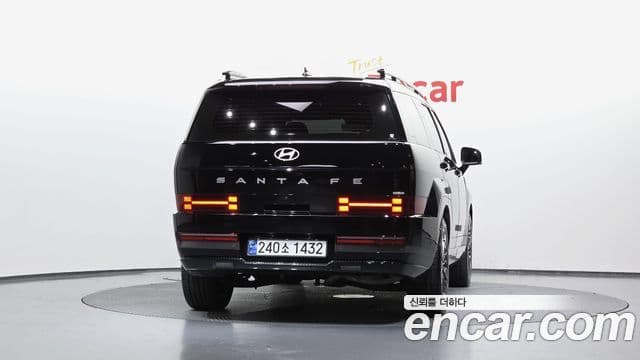 Hyundai Santa Fe 2023 — ფოტო 4/20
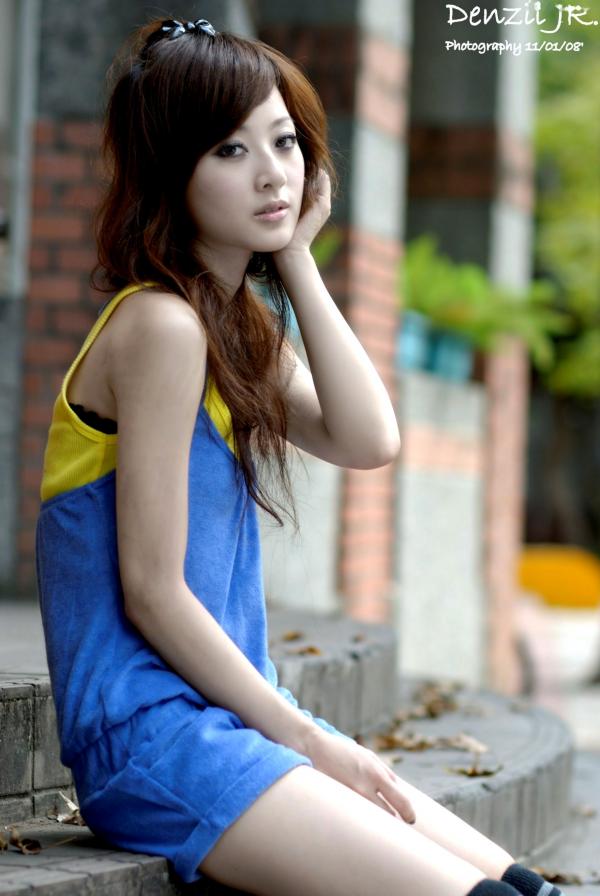    台湾正妹果子MM/张允霏《台大外拍》清纯校园风系列写真集，甜美少女活力户外实拍第49张图片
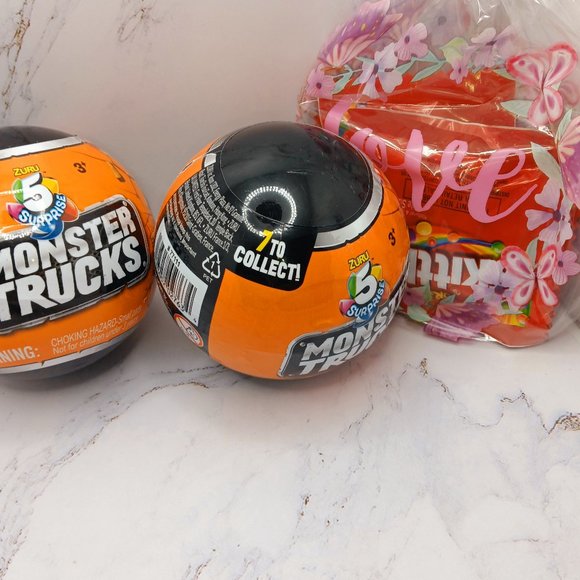 Monster Truck Surprise Ball Mini 2 Pack  NWT ( BIRTHDAY GIFT KIDS) - Picture 4 of 4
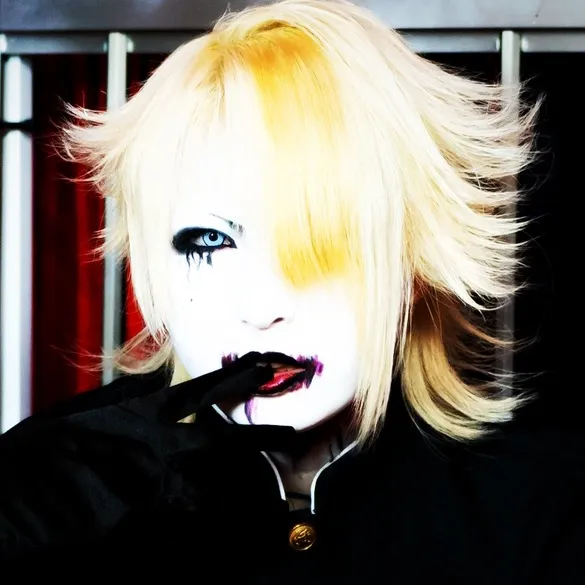 hide__serika__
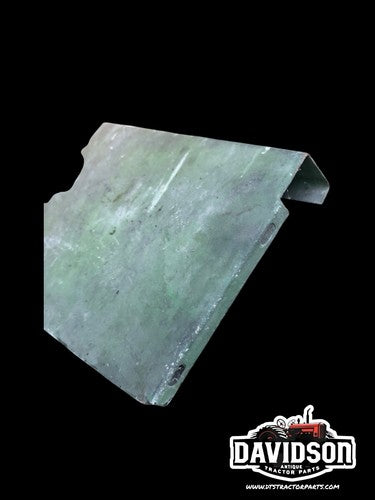 AT16397 USED LH FRONT SIDE PANEL JOHN DEERE 2010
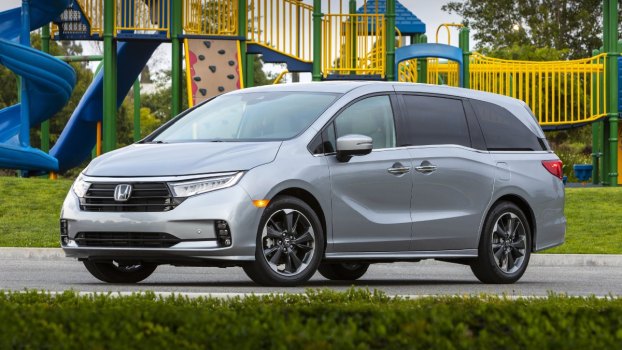 2023 Honda Odyssey vs. 2023 Chrysler Pacifica: Minivan Showdown!
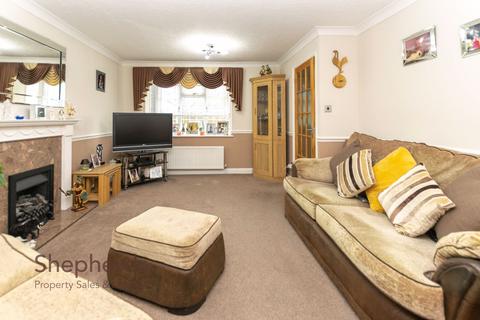 1 Mortimer Gate, Cheshunt, Waltham Cross, EN8 0XG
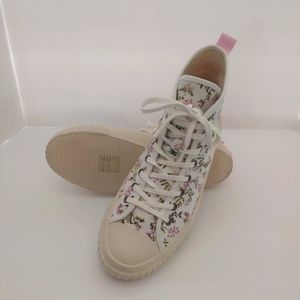 J Crew Floral Canvas Lace Up High Top Sneakers Women's Size 9 NWT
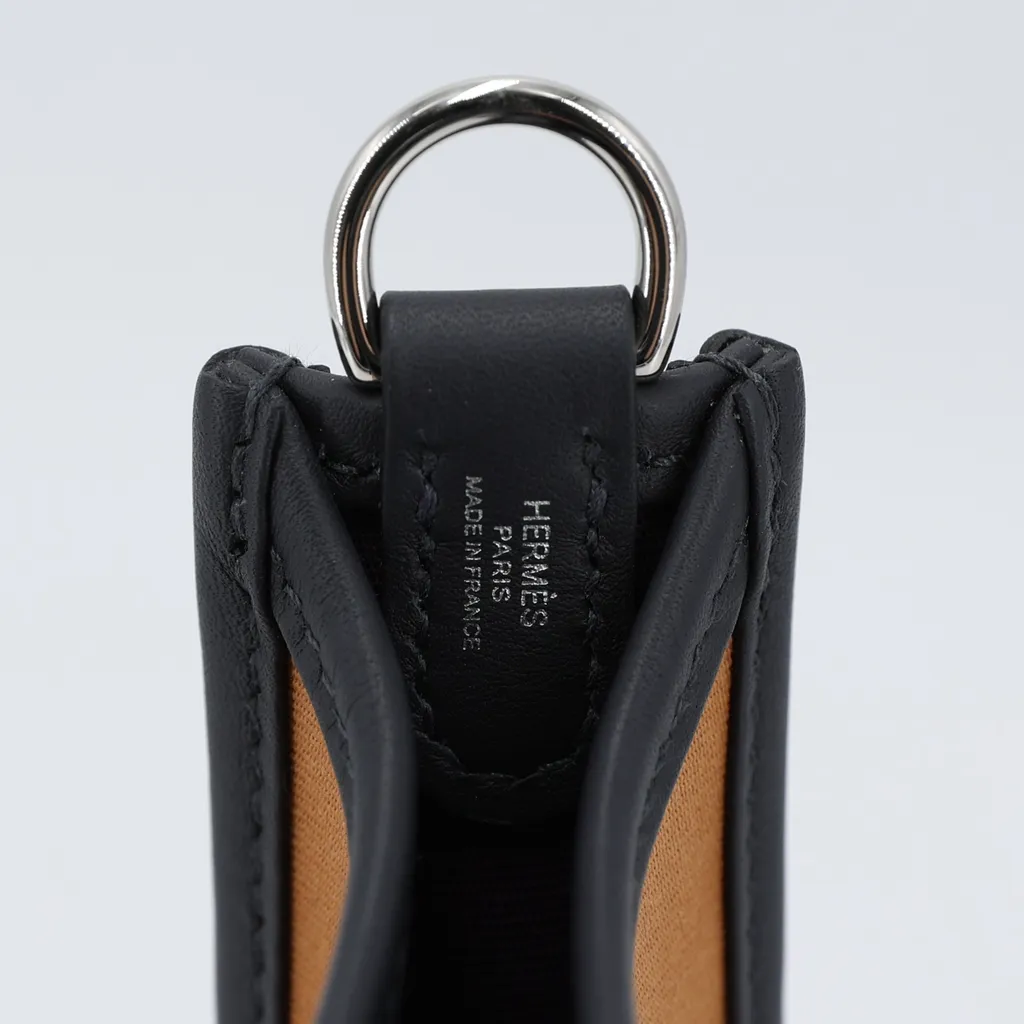 Brand New ( Rank N ) HERMÈS Limited Edition Mini Evelyne 16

**WHAT THE EXERCISE ASKS**. Write out, exactly as they stand, the line with "J Crew Floral" and every line after it through the end of the entries above; omit the pictures.

**WRITTEN RESPONSE**.
 J Crew Floral Canvas Lace Up High Top Sneakers Women's Size 9 NWT
 Brand New ( Rank N ) HERMÈS Limited Edition Mini Evelyne 16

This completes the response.